Oil CEOs defend efforts to address climate crisis in Oversight testimony

CEOs of major oil companies and lobbying groups emphasized their acknowledgment of fossil fuels’ role in climate change and denied covering up the connection in Thursday testimony in front of a House panel.  

Executives from Exxon, Chevron, Shell and BP, as well as leaders from the American Petroleum Institute and U.S. Chamber of Commerce testified before the House Oversight Committee Thursday.

Exxon in particular was in the hot seat after a recording was released in the summer of a company lobbyist Keith McCoy who was speaking to a Greenpeace activist. McCoy, who believed he was addressing a corporate headhunter, said in the recording that the company has “aggressively [fought] against some of the science” and only offered its support for carbon taxation as a “talking point.”

Exxon CEO Darren Woods, who has disavowed McCoy and his comments, told the committee that the company “has long acknowledged the reality and risks of climate change, and it has devoted significant resources to addressing those risks.”

Shell U.S. President Gretchen Watkins also emphasized what she said was the company’s commitment to addressing the climate crisis, saying “meeting the demand for reliable energy – while simultaneously addressing climate change – is a huge undertaking and one of the defining challenges of our time.”

Multiple witnesses touted their institutions’ support for the goals of the Paris Climate Agreement, including Watkins and U.S. Chamber of Commerce CEO Suzanne Clark. Watkins also touted the company’s support of the 2009 Waxman-Markey climate legislation, while Clark cited the Chamber’s backing of the bipartisan infrastructure deal.
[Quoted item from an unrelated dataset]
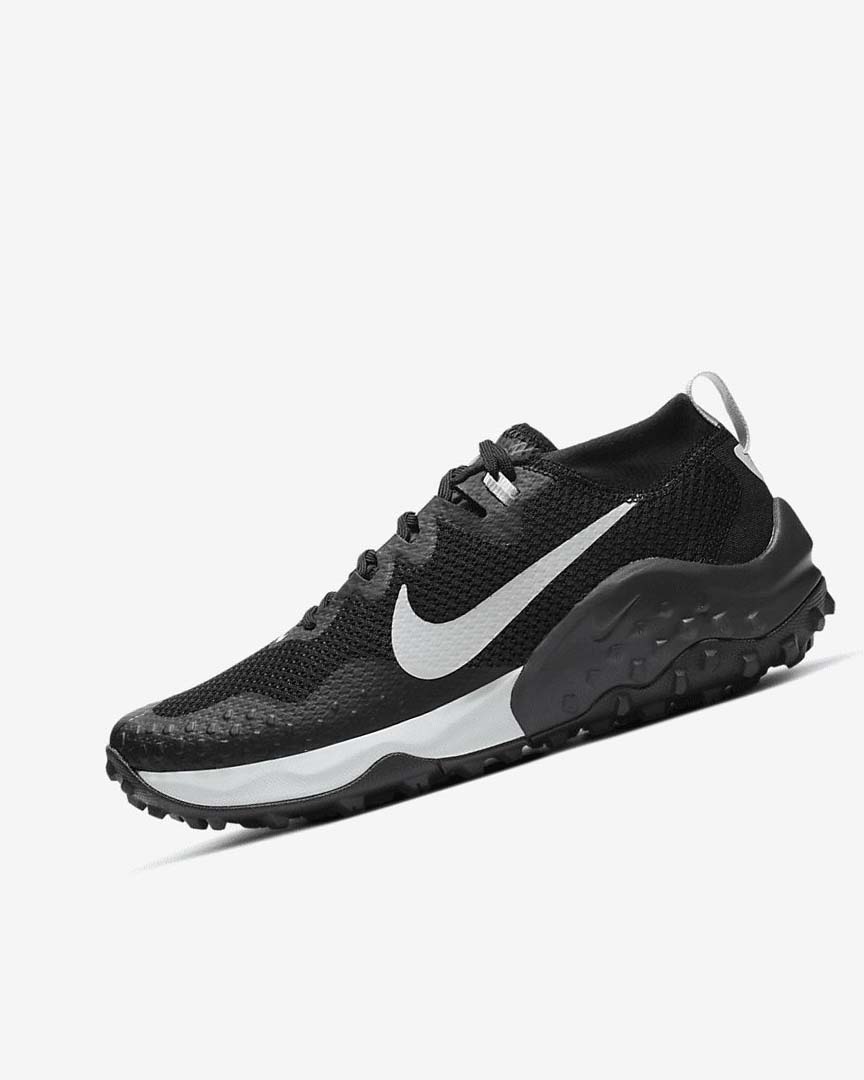 Black / Dark Grey / Platinum Nike Wildhorse 7 Women\'s Trail Running Shoes | CA_3208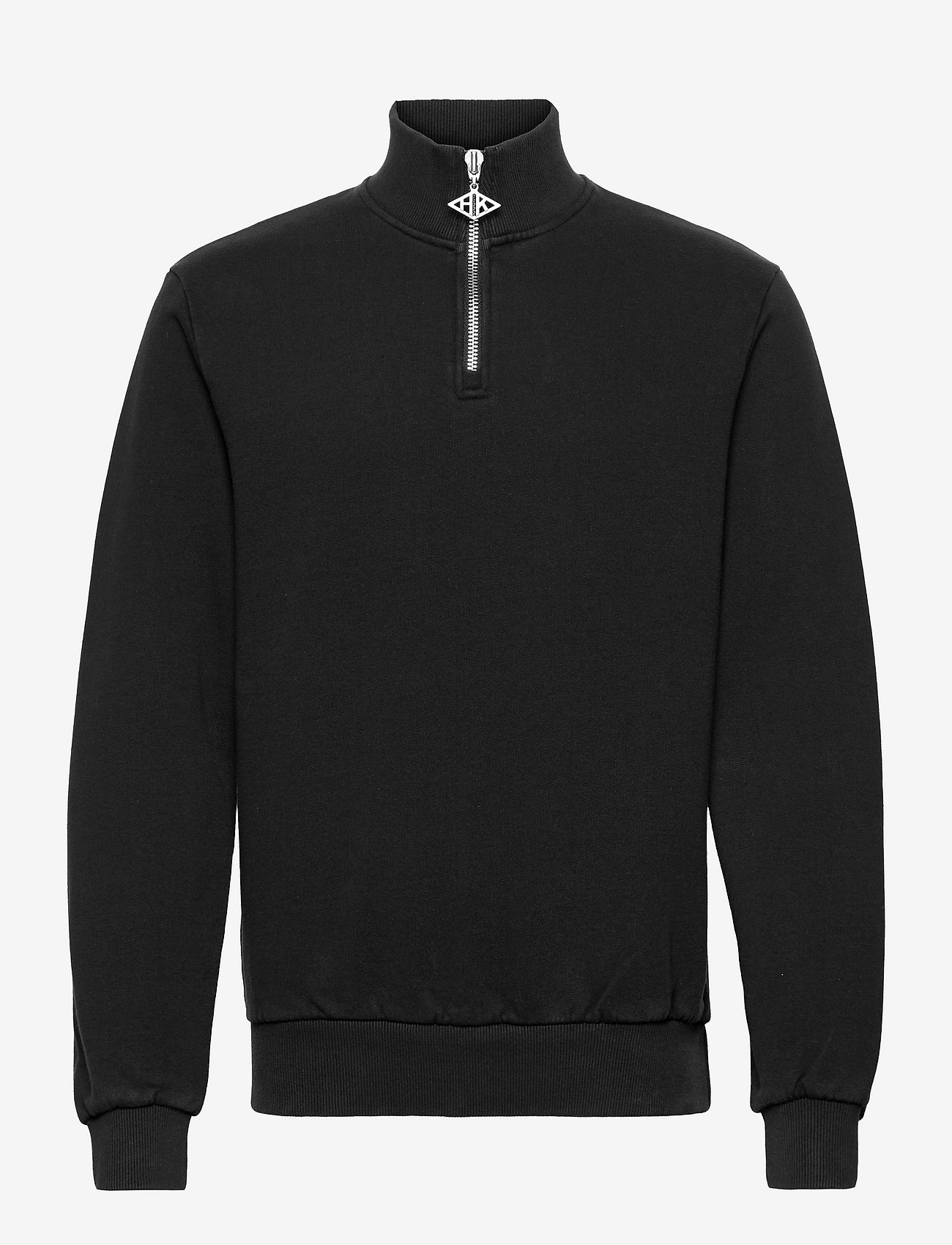 HAN Kjøbenhavn Clothing - Half Zip Sweat - faded black - 0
The companies’ acknowledgment of fossil fuels’ contributions to climate change is a hot topic for the hearing.

Chairwoman Carolyn Maloney (D-N.Y.) and Environment Subcommittee Chair Ro Khanna (D-Calif.) have repeatedly pointed to decades-old research by Exxon scientists indicating growing awareness that burning fossil fuels was a major driver of climate change.

In her opening statement, Maloney expressed hope that the hearings represented a “turning point” for “accountability” for the oil industry and specifically paralleled it with the questioning of tobacco executives in the 1990s.

“Twenty-seven years ago, tobacco executives, rather than admitting the truth, they lied, a watershed moment in the public’s understanding” of nicotine addiction, Maloney said.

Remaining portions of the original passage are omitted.